又、「母の胎を初めて開く男の子はみな聖別された者ととなえられねばならない」というのは、出エジプトというイスラエルの民にとって神との関係を最も規定する大切な出来事に遡ります。そのことが出エジプト記の13章のところに記されています。
聖書において、「聖別する」というのは「神のものとする」ということを表す言葉です。これは、命は神のものであるということを神の民は覚え続けなければならないということです。神のものである命を神から委ね託していただくために、そのしるし、象徴として初めて生まれた子を神から戴くための贖い金を神殿に捧げることになっていました。
命は神から与えられ神に返すものである。私たちに託されていますけれども、私たちのものではないのです。そのことを神の民は覚えるために子どもが生まれる度にそれを神から贖って託していただく、そのことを繰り返し繰り返し行い覚え続けていったわけです。
このようにしてルカは私たちの救いのために来られたイエスキリスト、その幼子が神の言葉、律法のもとに置かれていたということを丁寧に語っています。

この神の言葉が、神が約束しておられた救い主がついに来られた、神の約束が成就するその時が来た、そうすると、いったいどういうことが現れるのか、そのことをシメオンとアンナが語り始めるというのがこの場面なのです。
(2:25)その時,エルサレムにシメオンという名の人がいた。この人は正しい信仰深い人で,イスラエルの慰められるのを待ち望んでいた。また聖霊が彼に宿っていた。
(2:26)そして主のつかわす救主に会うまでは死ぬことはないと,聖霊の示しを受けていた。

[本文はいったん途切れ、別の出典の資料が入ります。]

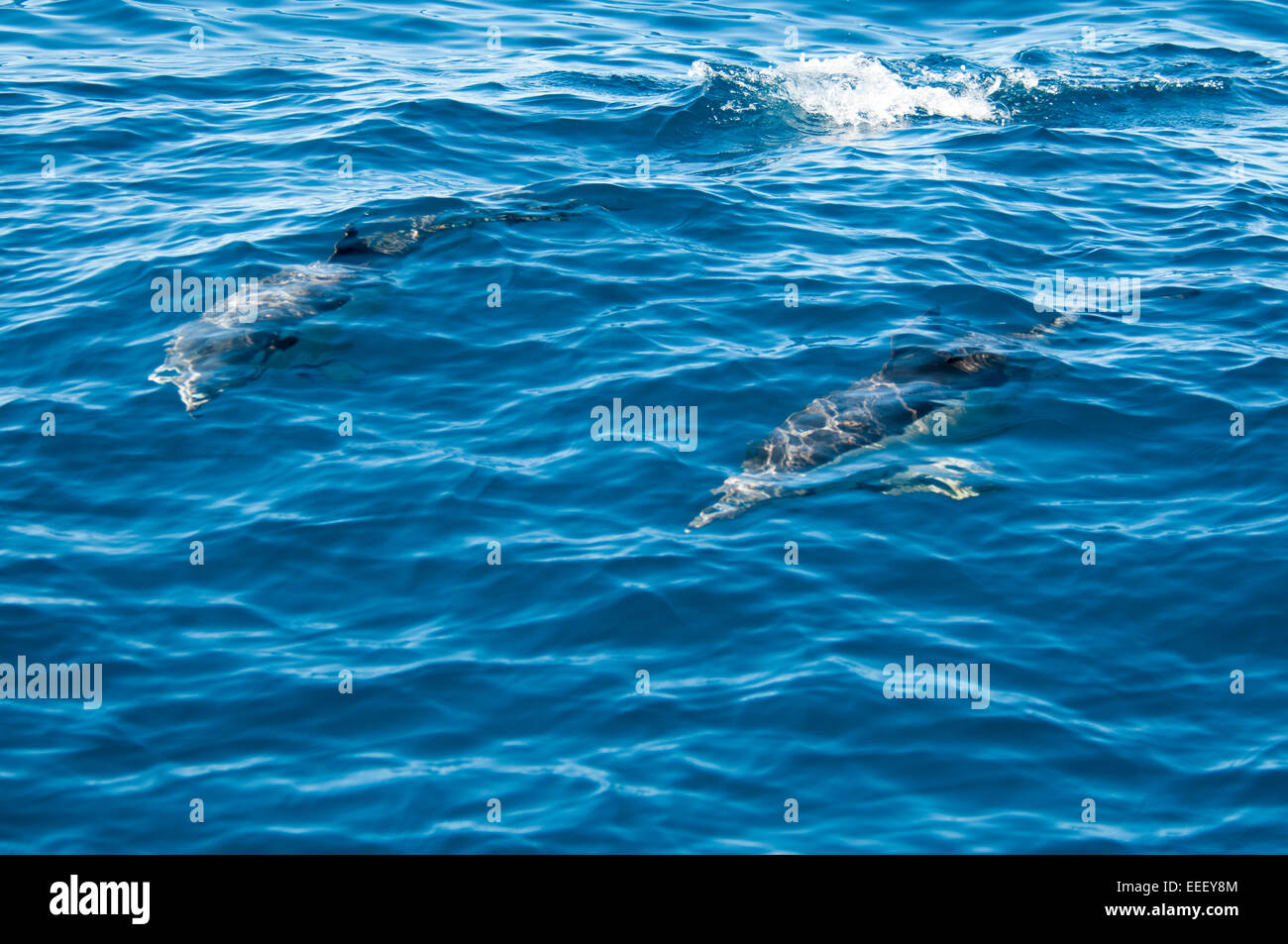 Un court-nage dauphin commun à l'ouest de La Palma dans l'océan Atlantique au large des côtes des îles Canaries. «Delfin Banque D'Images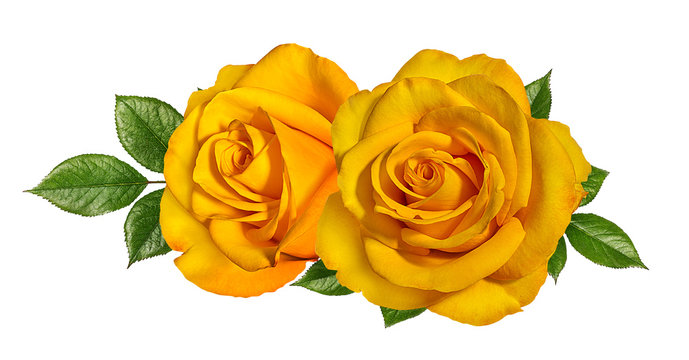 Yellow roses isolated on white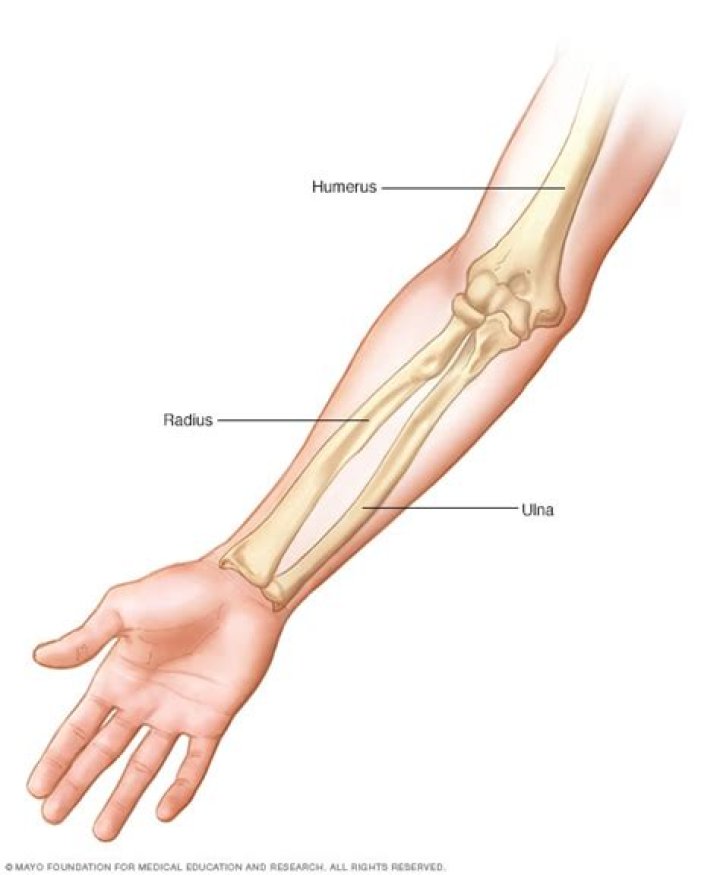 Arm bones Mayo Clinic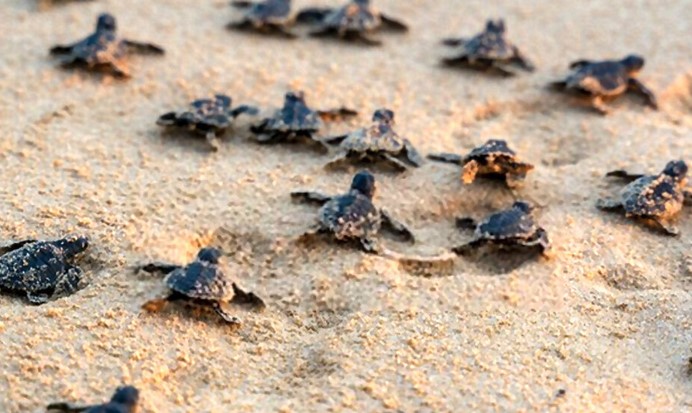 Screenshot 2025 02 16 160740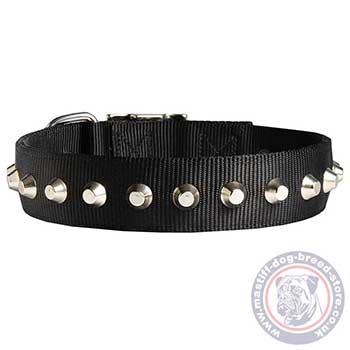 Buy sparkle Dog Collars for Big Mastiff Dog Breed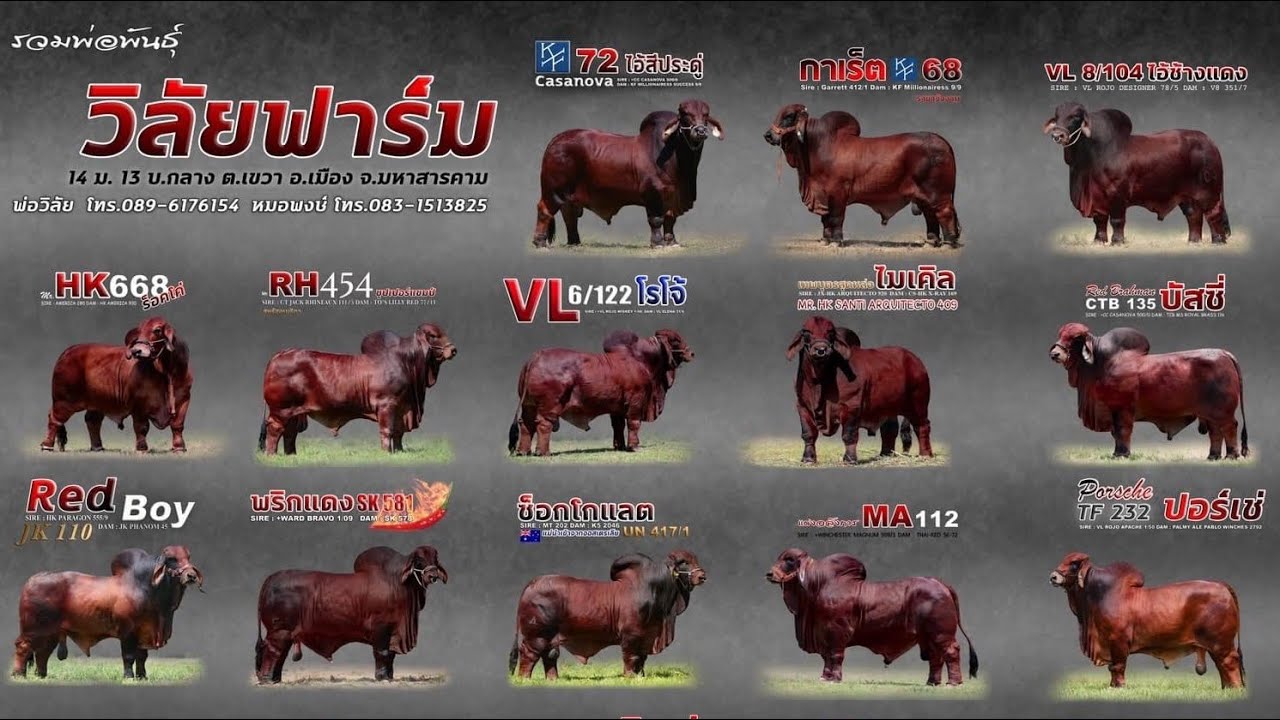 วิลัยฟาร์ม พ่อพันธุ์นำเข้าจาก อเมริกา ต.เขวา อ.เมือง จ.มหาสารคาม โทร.0831513825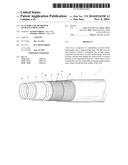 FLAT WIRE AND METHOD OF MANUFACTURING SAME diagram and image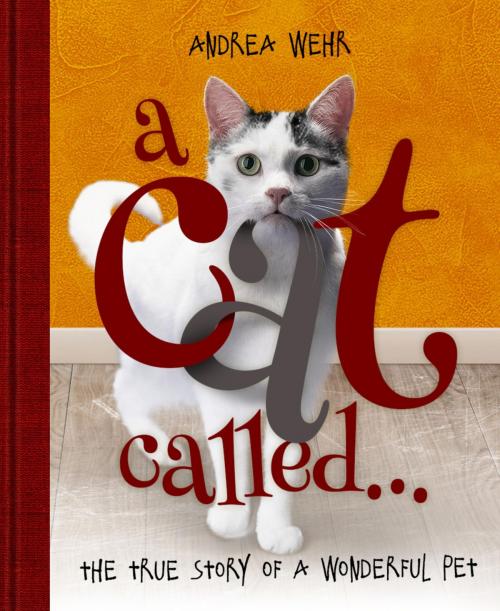 Cover of the book A Cat Called ... by Andrea Wehr, BookRix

旧約のイザヤ書の40章「慰めよ、わが民を慰めよ」という言葉が出てきます。これは、かつて神の民が神から離れていってしまったために国が滅びるという出来事がありました。北イスラエル王国アッシリアによって滅ぼされ、南ユダ王国新バビロニアによって滅ぼされました。そしてその新バビロニアは、エルサレムの人々を捕虜として自分達の国へ連れて行ってしまった。これをバビロン捕囚と言いますが、このイザヤ書の言葉はバビロン捕囚から解放される時が近づいてきたということを告げる預言であります。
そして、このイエスの生まれた時代、ユダヤはローマによって支配され、ローマに税金を納めねばならないという状況にありました。この「イスラエルの慰められるのを待ち望んでいた」というのは、神の民がこの世の力から解放されるのを待ち望んでいたということです。
神の民が本当に神によって治められ神によって導かれ神と共に生きて行く、神の祝福が、恵みが、慈しみが、憐れみが、神と共に生きる民の間に現れる。そのことをこのシメオンは待ち望んでいたのです。

そして、そのようなことをもたらしてくださる救い主に会うまでは死ぬことはないという示しをシメオンは聖霊から受けていました。その人が聖霊に導かれて神殿へと入って来ます。するとイエスを連れた両親がそこへ入ってくる(2:27)。シメオンは近づきその幼子を腕に抱いて神をほめたたえて言います(2:28)。「主よ、今こそ、あなたはみ言葉のとおりに この僕を安らかに去らせてくださいます(2:29)。わたしの目が今あなたの救を見たのですから(2:30)。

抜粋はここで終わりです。